** Data supplied **
——————————

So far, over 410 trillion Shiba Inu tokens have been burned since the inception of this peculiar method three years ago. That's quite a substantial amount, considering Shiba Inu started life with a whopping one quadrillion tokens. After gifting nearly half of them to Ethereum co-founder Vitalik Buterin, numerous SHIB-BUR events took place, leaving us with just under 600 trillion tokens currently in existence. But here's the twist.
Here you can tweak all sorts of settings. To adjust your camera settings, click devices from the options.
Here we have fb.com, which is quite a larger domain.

——————————

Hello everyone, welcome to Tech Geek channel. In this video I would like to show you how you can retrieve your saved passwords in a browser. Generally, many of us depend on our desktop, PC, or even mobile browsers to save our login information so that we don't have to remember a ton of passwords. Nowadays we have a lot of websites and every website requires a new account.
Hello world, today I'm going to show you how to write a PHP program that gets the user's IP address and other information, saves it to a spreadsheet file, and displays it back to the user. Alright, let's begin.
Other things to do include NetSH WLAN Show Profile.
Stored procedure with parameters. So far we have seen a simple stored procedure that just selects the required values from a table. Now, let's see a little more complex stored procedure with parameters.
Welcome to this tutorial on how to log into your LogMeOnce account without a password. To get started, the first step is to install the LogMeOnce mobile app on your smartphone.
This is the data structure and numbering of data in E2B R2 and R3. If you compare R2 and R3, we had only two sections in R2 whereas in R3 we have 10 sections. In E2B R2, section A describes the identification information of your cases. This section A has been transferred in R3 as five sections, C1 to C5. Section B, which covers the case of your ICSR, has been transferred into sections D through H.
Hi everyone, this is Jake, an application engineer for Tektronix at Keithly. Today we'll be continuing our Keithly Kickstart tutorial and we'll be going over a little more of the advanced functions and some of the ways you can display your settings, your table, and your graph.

——————————

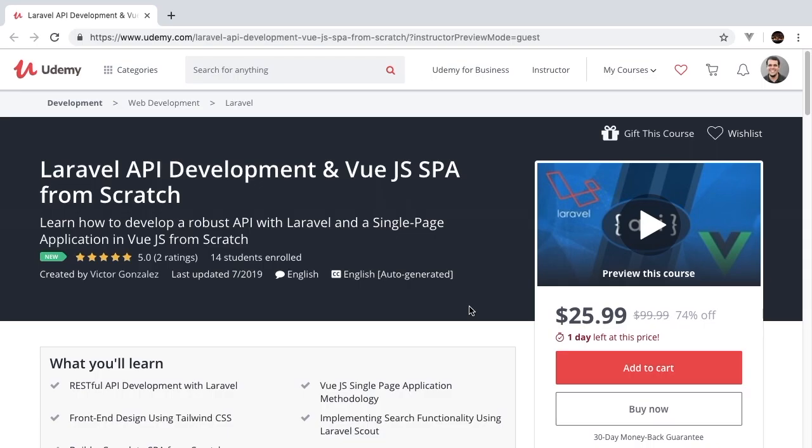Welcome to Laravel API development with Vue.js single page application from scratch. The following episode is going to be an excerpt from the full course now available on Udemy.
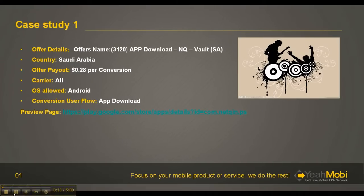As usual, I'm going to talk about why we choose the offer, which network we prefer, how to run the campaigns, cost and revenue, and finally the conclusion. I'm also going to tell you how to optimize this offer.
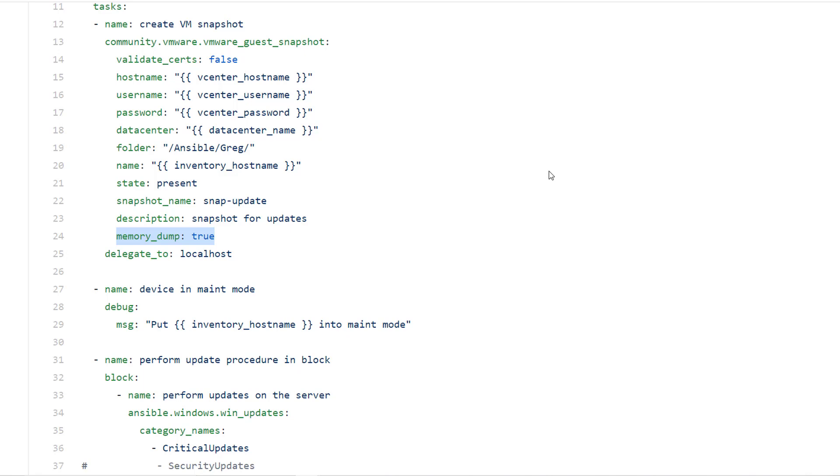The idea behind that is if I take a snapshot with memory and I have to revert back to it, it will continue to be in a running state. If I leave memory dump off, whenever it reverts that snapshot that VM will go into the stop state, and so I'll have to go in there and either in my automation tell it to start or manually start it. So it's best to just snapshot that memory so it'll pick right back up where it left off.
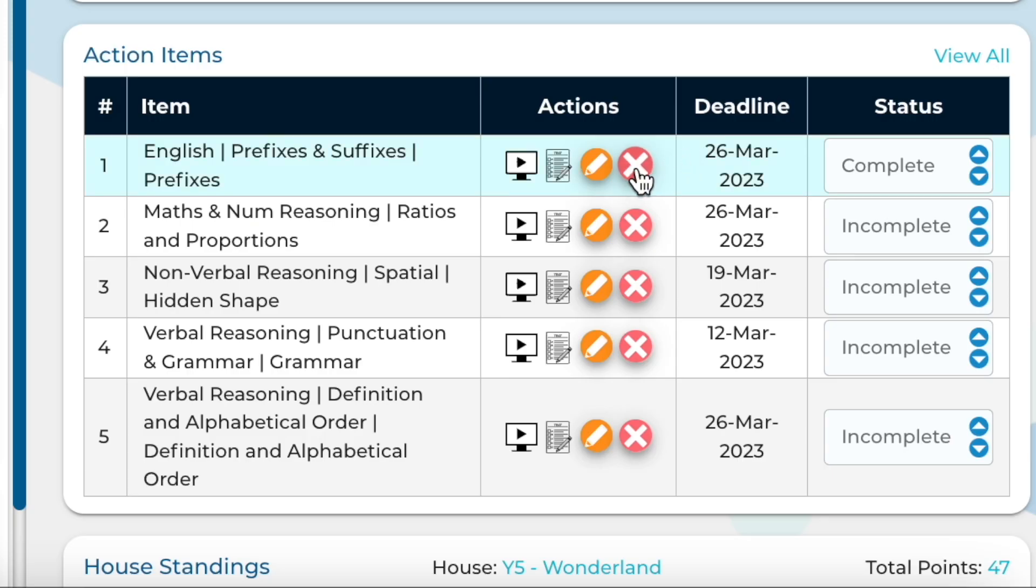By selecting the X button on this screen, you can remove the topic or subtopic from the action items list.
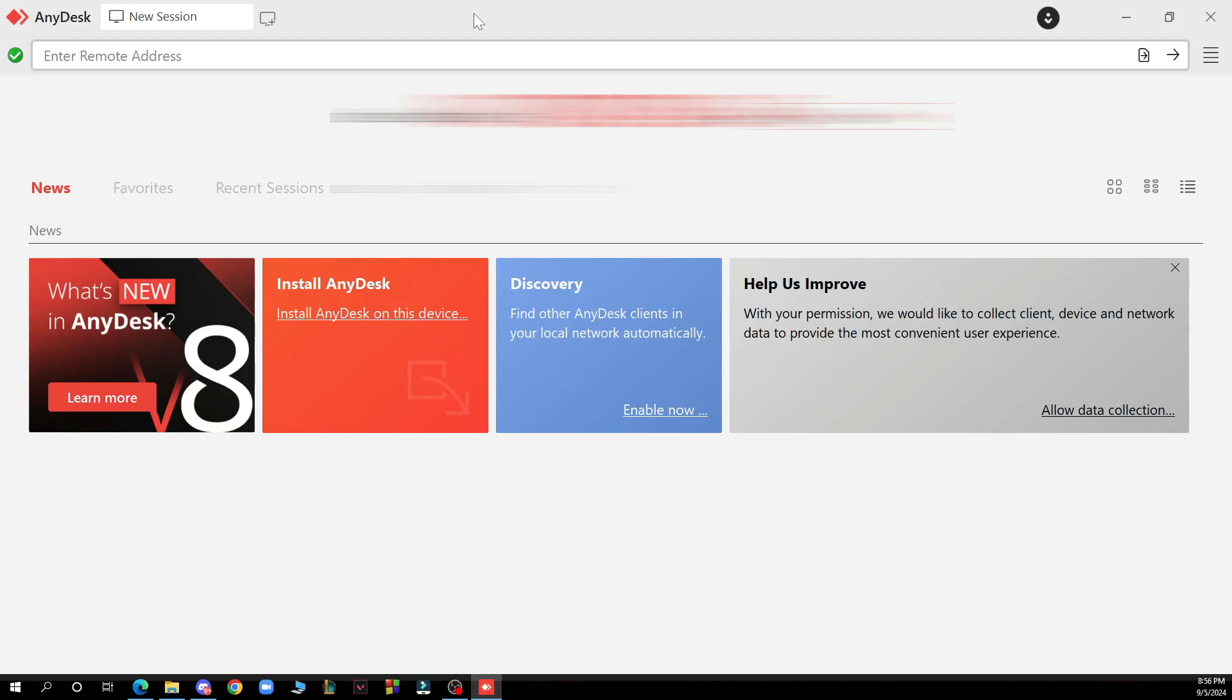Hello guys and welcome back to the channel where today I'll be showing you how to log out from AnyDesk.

——————————

** Exercise directions **
Go through the material above and return each line that holds the word "settings".

** Result **
Here you can tweak all sorts of settings. To adjust your camera settings, click devices from the options.
Hi everyone, this is Jake, an application engineer for Tektronix at Keithly. Today we'll be continuing our Keithly Kickstart tutorial and we'll be going over a little more of the advanced functions and some of the ways you can display your settings, your table, and your graph.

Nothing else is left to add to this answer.